Está tudo dito desde o início: um trio improvável de desconhecidos num navio a caminho de uma Macau que ainda era território português, facto mencionado e visível uma vez ou outra, ainda que quase ninguém ali fale nada que não Inglês, local que preservava todo o fascínio e todo o exotismo do “oriente”, sempre o cenário perfeito para histórias de criminosos coloridos e detetives com “um passado”.

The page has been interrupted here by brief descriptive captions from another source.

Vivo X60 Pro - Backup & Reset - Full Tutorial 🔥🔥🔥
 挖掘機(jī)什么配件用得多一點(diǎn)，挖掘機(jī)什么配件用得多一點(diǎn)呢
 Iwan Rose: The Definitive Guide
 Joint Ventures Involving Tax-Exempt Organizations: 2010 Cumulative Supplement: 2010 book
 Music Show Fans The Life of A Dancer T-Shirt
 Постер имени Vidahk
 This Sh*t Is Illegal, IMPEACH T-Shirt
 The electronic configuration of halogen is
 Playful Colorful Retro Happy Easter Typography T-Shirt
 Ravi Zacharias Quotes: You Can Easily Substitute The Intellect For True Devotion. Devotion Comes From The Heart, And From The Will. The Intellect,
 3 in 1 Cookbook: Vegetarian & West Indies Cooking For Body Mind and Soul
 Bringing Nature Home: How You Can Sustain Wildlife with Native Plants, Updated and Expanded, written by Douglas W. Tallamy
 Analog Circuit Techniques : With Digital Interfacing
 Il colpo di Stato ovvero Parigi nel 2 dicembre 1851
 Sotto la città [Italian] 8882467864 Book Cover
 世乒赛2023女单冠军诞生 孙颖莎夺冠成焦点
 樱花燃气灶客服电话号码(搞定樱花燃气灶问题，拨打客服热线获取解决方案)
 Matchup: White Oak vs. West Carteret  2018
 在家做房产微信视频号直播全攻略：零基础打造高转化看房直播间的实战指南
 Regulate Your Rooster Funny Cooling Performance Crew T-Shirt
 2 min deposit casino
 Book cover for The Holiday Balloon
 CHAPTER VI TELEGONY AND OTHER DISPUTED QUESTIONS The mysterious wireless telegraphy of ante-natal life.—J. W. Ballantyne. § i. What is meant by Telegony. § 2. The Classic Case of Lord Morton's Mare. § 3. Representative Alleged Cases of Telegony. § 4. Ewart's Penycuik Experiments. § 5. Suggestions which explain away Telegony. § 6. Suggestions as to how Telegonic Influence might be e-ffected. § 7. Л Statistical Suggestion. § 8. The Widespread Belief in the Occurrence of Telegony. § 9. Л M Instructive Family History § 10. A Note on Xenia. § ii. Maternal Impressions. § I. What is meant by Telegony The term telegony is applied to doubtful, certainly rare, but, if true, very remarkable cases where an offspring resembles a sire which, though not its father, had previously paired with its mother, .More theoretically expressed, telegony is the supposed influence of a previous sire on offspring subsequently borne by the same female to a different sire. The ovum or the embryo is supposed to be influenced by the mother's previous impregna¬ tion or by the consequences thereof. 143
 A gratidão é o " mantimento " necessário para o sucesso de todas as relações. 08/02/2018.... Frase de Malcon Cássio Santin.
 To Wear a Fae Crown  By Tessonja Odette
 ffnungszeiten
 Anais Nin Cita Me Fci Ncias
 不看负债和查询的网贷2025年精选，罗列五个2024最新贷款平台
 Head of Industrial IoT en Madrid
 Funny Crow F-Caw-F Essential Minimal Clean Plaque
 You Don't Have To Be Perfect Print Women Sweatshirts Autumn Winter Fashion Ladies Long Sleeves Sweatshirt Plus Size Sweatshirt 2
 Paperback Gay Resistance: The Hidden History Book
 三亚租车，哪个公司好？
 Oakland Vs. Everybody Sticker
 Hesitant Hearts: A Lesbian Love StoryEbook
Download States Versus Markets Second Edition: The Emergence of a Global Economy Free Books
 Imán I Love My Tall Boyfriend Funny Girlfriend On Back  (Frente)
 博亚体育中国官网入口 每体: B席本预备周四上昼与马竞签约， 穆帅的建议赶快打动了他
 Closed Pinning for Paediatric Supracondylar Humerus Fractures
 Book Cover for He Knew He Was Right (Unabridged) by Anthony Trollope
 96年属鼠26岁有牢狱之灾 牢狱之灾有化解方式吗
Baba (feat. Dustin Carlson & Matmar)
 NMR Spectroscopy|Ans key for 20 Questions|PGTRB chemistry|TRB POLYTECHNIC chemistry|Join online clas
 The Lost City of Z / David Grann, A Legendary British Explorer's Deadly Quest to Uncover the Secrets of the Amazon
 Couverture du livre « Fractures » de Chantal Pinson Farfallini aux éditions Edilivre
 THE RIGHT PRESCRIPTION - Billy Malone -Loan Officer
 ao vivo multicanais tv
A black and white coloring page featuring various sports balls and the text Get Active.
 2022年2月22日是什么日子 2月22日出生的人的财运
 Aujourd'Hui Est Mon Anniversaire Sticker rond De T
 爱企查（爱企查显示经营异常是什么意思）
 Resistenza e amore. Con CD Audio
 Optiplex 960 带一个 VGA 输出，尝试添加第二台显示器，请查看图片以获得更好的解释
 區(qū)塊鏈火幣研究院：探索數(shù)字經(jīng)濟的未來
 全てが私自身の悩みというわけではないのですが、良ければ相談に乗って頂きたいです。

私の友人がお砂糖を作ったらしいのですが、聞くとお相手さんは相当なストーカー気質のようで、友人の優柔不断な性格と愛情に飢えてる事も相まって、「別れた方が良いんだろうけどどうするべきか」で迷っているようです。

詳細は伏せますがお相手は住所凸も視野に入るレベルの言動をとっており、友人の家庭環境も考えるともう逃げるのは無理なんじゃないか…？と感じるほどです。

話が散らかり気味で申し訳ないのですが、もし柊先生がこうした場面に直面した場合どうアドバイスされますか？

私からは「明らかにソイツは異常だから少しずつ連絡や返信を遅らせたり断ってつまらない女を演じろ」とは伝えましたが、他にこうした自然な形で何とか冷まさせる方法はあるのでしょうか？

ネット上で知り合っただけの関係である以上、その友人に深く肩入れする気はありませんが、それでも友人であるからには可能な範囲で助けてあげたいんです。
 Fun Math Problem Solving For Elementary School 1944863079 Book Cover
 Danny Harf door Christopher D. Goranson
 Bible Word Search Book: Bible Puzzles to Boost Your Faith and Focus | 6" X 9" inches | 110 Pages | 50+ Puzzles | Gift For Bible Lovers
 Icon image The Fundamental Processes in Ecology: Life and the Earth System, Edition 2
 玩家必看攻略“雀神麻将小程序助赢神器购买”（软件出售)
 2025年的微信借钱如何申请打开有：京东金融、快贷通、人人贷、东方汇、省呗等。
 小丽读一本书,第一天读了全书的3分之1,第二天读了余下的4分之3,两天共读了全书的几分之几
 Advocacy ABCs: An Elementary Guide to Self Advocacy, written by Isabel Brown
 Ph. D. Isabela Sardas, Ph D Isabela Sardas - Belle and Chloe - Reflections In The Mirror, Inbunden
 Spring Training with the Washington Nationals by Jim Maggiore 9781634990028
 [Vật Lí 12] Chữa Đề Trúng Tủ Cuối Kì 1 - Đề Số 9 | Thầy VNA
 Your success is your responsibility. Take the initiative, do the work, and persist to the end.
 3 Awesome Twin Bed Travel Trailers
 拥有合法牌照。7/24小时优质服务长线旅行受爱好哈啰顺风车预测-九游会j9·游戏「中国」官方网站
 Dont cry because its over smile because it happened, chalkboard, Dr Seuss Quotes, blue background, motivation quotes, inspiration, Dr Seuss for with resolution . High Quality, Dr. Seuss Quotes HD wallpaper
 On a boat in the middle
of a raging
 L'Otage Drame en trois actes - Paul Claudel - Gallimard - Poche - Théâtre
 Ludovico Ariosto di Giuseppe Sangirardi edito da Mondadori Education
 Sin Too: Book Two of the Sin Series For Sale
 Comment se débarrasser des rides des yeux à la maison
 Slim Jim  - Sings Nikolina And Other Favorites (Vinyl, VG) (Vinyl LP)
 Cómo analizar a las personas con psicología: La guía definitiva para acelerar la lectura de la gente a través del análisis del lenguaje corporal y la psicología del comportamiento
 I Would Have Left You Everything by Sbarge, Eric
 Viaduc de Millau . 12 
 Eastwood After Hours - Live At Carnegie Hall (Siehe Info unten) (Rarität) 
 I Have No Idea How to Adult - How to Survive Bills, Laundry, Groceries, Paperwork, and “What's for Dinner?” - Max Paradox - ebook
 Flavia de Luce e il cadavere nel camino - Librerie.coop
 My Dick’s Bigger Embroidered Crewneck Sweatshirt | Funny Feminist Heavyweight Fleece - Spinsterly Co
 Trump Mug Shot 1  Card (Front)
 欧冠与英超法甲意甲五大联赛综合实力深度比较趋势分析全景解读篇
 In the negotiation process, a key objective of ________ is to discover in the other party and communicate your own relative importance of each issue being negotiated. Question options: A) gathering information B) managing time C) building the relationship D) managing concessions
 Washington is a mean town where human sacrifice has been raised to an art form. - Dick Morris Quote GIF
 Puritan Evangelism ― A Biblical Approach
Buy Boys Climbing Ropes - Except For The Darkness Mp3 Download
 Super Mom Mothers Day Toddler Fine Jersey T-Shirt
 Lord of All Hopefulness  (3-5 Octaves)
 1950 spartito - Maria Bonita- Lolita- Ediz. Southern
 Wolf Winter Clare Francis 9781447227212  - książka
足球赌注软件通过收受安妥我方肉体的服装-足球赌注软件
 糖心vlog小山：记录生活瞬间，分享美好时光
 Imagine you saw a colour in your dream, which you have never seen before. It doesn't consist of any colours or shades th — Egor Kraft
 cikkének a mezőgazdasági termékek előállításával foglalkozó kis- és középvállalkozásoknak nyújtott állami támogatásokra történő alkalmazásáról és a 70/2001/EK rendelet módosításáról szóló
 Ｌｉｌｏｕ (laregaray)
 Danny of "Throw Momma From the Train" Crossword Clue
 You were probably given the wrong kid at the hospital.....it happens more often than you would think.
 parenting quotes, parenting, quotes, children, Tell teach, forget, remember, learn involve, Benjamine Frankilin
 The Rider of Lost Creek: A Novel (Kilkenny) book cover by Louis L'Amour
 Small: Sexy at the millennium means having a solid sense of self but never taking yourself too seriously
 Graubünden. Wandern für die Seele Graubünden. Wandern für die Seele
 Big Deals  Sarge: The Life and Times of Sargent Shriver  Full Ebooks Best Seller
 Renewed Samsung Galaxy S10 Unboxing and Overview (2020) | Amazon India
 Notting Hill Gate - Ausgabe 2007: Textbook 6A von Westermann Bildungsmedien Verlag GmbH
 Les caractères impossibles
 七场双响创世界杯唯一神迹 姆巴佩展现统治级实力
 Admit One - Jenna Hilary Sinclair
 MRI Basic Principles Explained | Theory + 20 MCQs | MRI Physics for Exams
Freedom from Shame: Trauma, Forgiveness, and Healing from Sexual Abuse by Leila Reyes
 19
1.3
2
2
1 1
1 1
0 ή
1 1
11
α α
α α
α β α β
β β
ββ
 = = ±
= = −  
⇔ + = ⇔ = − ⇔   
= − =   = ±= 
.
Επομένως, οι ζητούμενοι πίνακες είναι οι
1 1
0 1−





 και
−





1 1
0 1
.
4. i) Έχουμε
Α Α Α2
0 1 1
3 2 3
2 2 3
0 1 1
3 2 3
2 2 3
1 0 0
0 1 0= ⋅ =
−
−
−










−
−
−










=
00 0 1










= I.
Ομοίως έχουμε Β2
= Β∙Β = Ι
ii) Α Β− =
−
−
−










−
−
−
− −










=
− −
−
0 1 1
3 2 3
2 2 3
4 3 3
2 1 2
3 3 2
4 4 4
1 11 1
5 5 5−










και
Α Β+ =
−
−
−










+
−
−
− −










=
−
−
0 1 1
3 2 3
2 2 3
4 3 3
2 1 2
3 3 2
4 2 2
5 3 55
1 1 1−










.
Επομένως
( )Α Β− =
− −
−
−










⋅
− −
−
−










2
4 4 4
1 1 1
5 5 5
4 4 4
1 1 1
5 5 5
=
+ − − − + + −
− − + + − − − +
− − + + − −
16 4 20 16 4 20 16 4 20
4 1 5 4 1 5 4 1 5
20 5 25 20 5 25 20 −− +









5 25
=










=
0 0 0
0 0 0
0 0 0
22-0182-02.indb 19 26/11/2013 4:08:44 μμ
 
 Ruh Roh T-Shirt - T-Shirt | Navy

Um trio, dizia, que inclui um americano (Mitchum) à deriva, buscando novo rumo para a sua vida e uma femme fatale (Jane Russel) largamente com objetivos semelhantes. Nem cinco minutos após se conhecerem beijam-se pela primeira vez, num daqueles arrebatamentos apenas explicáveis pelo cinema, e daí em diante envolvem-se num jogo de aproximação e fuga provocado pela tensão entre um milionário dono de casinos – tem que haver um em Macau, não é? – e o terceiro elemento desse improvável triunvirato, um outro americano (William Bendix, mais velho, que se apresenta como caixeiro-viajante em Macau à procura de fazer fortuna e que pode não ser quem aparente.
A ilha de Macau torna-se, assim, no “paraíso dos rapazes maus”, título dado ao filme, de forma feliz, em França. Enquanto esses rapazes, com Jane Russel pelo meio, entram em confronto por todas as razões mas essencialmente por apenas uma, ela, na rodagem do filme também os rapazes maus, Hughes, Sternberg e Mitchum se colocavam frente a frente. Macao pode não ser um grande filme, mas é sem dúvida um exemplo inequívoco de como por vezes o que se passa por detrás das câmaras acompanha aquilo que elas capturam.